Wtorkowa sesja na Wall Street rozpoczęła się od spadków. Nie pomogły ani obserwowane jeszcze rano nadzieje na ograniczenie kryzysu energetycznego w Europie, ani odnotowany w sierpniu wzrost indeksu zaufania amerykańskich konsumentów do 103,2 z 95,3 pkt., co było wynikiem wyższym od rynkowych prognoz (97,9 pkt.). Inwestorzy z Wall Street ponownie bowiem skupili się na agresywnych podwyżkach stóp procentowych w USA, a humory im dodatkowo posuły wieści z Azji, gdzie Tajwan oddał strzały ostrzegawcze w kierunku chińskiego drona, który wleciał w strefę tajwańską.

Po dwóch godzinach wtorkowych notowań amerykańskie indeksy spadają po około 1 proc., kontynuując realizację zysków zapoczątkowaną w połowie miesiąca, po tym jak między połową czerwca a sierpnia ten rynek wykonał spektakularny skok, niesiony nadziejami na miękkie lądowanie amerykańskiej gospodarki. Indeksy są najniżej od miesiąca.

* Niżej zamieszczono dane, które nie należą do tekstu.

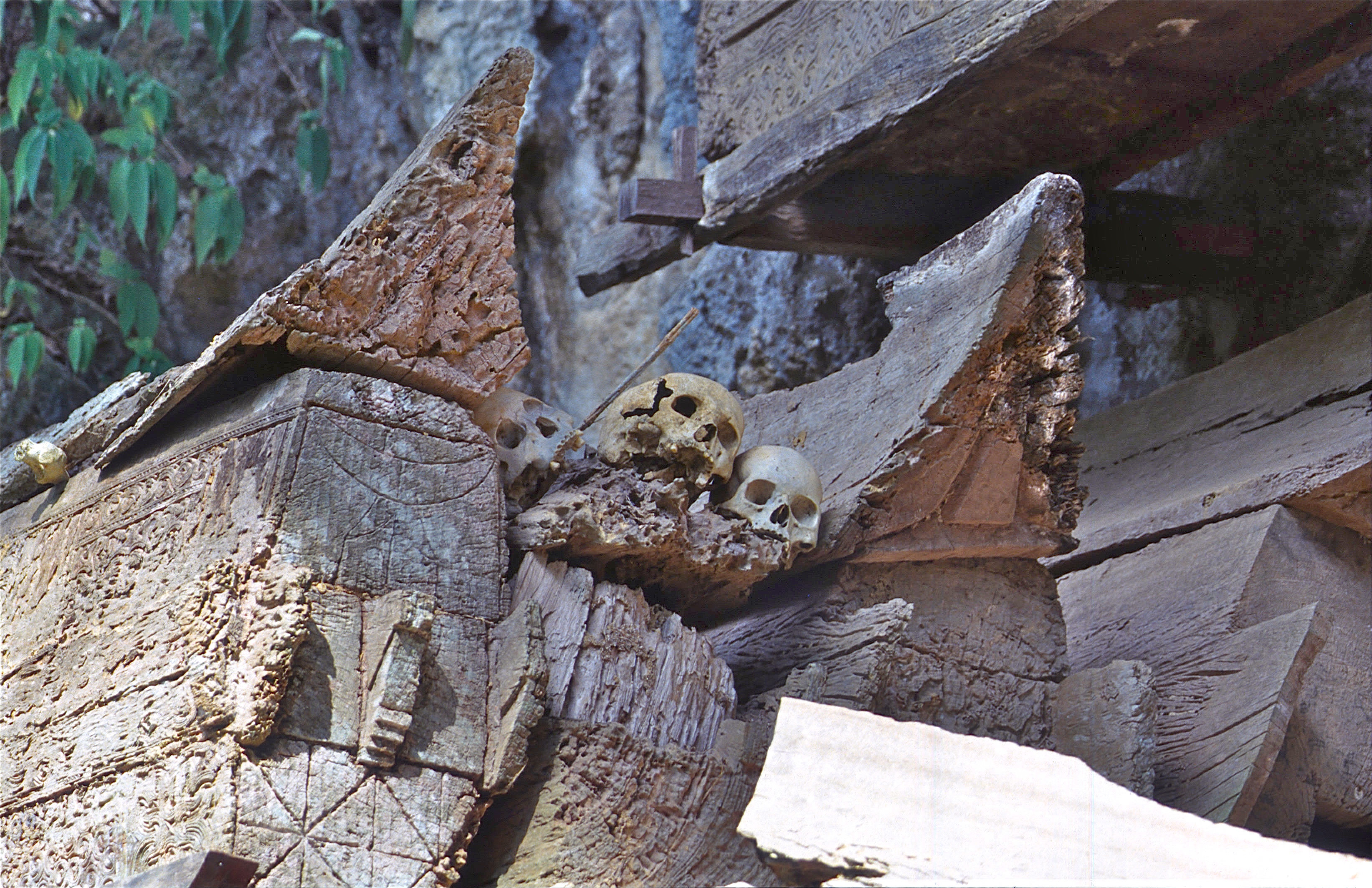 TANA TORAJA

Rynek akcji w USA jest obecnie w fazie korekty. Sytuacja na wykresie dziennym US500 sugeruje, że to jeszcze nie koniec spadków. I to pomimo, że spadki sięgnęły już połowy wcześniejszych wzrostów. Wydaje się, że dopiero strefa wsparcia tworzona przez 61,8% zniesienie Fibo oraz lokalne maksima z końcówki czerwca może powstrzymać spadki, stając się miejscem potencjalnego zwrotu w górę.